Linguistic separation between adjacent areas can only be preserved through a continuous lack of contact between the two populations. I can't think of any other cause for it except for 1) geography (seas, swamps, deserts, mountains and gorges), and 2) political blocade (North Korea).

That's as far as preservation; as for the appearance of such a separation, I also can count but two reasons: 1) continuous existence of said lack of contact, so that that innovations that reach either side of the divide between what used to be the same variety don't spread to the other, and 2) migration. The latter is responsible for the linguistic picture of the Caucasus, Papua New Guinea, Afghanistan, South America, and basically every other unusually linguistically diverse territory. There are pockets and other remains of Occitan in Calabria and Puglia, and of Provençal in central Sicily and Basilicata, presumably descended from the mercenaries who decided to remain there (or even the Anjou royal court, in the case of Sicily).

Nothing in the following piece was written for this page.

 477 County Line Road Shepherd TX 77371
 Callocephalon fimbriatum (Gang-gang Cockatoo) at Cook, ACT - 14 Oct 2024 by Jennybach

There are also situations of multilingualism such as where different castes speak different languages, but I presume that's not what you're asking about. This also ordinarily arises out of migration, with the invaders subjugating and oppressing the natives and adopting other measures to prevent assimilation.


----------



## Dymn

Penyafort said:


> In the case of the Romance family, the continuum is very obvious. Until very recently, you could go from Lisbon to Liège to Messina, and each town spoke just a little bit different from the one before.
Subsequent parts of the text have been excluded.